#### [PROVIDED DATA]

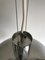 Italian Ceiling Lamp by Franco Albini, Franca Helg & Antonio Piva for Sirrah, 1960s, Image 7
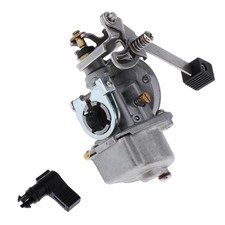 Nuovo carburatore per motori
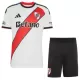 Maillot River Plate Enfant Domicile 2026-27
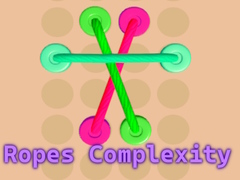 Gra Ropes Complexity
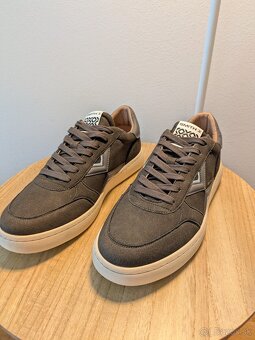 Alexander Smith Sneakers - 2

#### [TASK DIRECTIONS]
Copy the records exactly. Skip any pictures.

#### [OUTPUT]
 Italian Ceiling Lamp by Franco Albini, Franca Helg & Antonio Piva for Sirrah, 1960s, Image 7
 Nuovo carburatore per motori
 Maillot River Plate Enfant Domicile 2026-27
 Gra Ropes Complexity
 Alexander Smith Sneakers - 2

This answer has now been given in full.